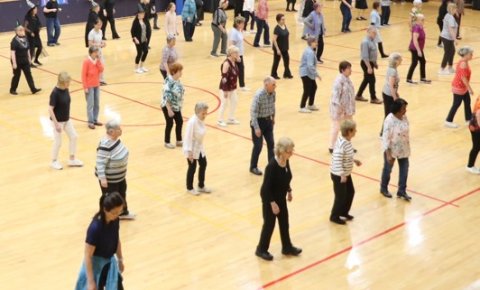A group of people line dancing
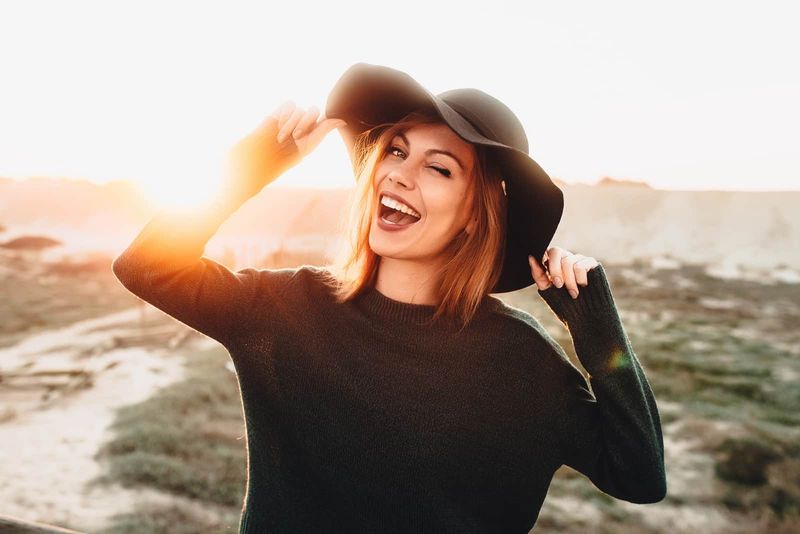 eine lächelnde Frau mit einem schwarzen Hut auf dem Kopf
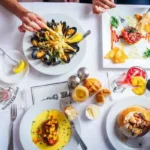 People eating seafood at a dining table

▶ What you will do
All of the data must be given again exactly, without the pictures.

▶ Answer for this exercise
A group of people line dancing
 eine lächelnde Frau mit einem schwarzen Hut auf dem Kopf
 People eating seafood at a dining table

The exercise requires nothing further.